• _Assignment_: What you return should match the data word for word, minus the images.

• _Entries supplied_:
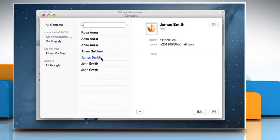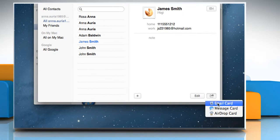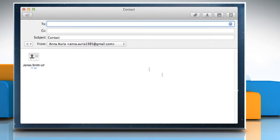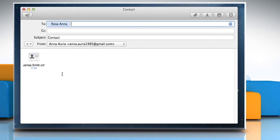Click the contact you want to send a vCard to. Click the Share icon at the bottom right and then select Email Card. Type the recipient's email address and then click the Send icon to send the vCard.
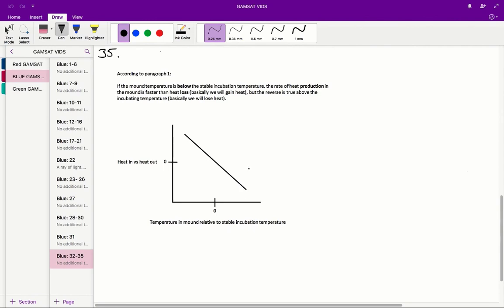And that's sort of in line with what we've been reading, that the mound has been designed to always return to this stable incubation temperature, that if we're too hot, we'll lose heat, and that if we're too cold, we'll gain heat. So therefore, D is the correct answer.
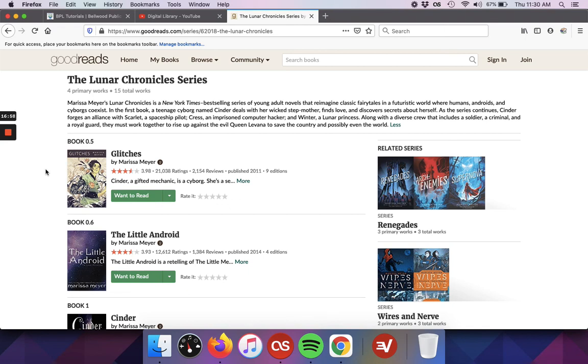That is a little bit of an introduction into using Goodreads without an account. Next week, we'll take a little bit of a look at some of the things you can do with an account. Thanks for joining us.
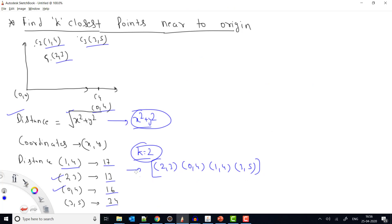The time complexity of this sorting solution is O(n log n), because we sort the complete list of n points using Collections.sort. Now, can we improve this solution? We can also solve this using a heap.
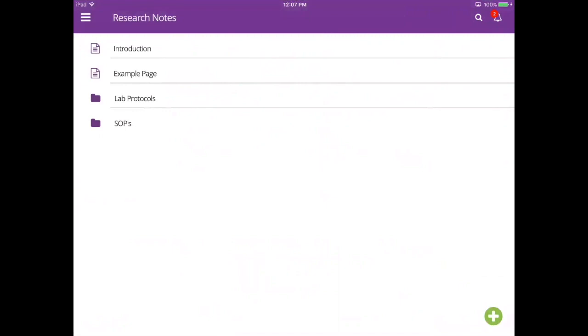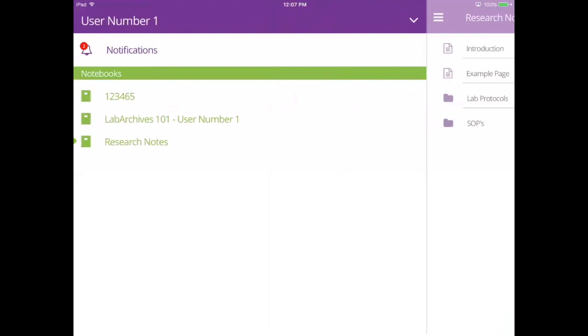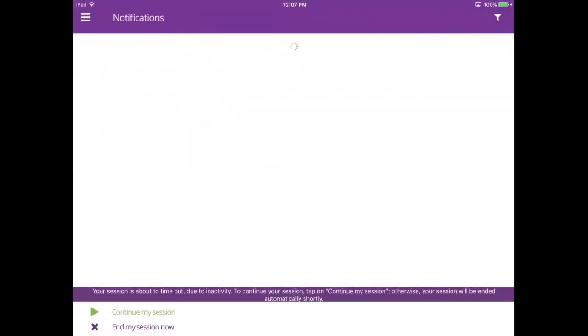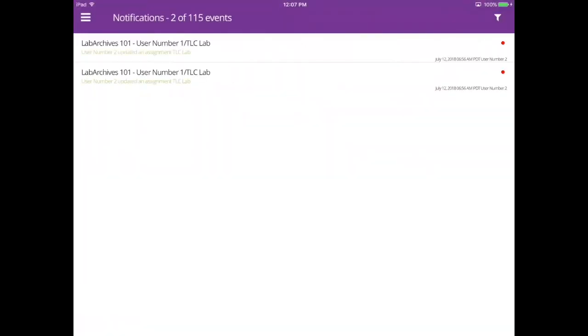If notifications are turned on in app settings, you can view any pending notifications at the triple bar menu. Notifications will let you know when someone has commented on an entry, or if you're a student, you can receive notifications regarding graded assignments.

• _Final answer_:
Click the contact you want to send a vCard to. Click the Share icon at the bottom right and then select Email Card. Type the recipient's email address and then click the Send icon to send the vCard.
And that's sort of in line with what we've been reading, that the mound has been designed to always return to this stable incubation temperature, that if we're too hot, we'll lose heat, and that if we're too cold, we'll gain heat. So therefore, D is the correct answer.
That is a little bit of an introduction into using Goodreads without an account. Next week, we'll take a little bit of a look at some of the things you can do with an account. Thanks for joining us.
The time complexity of this sorting solution is O(n log n), because we sort the complete list of n points using Collections.sort. Now, can we improve this solution? We can also solve this using a heap.
If notifications are turned on in app settings, you can view any pending notifications at the triple bar menu. Notifications will let you know when someone has commented on an entry, or if you're a student, you can receive notifications regarding graded assignments.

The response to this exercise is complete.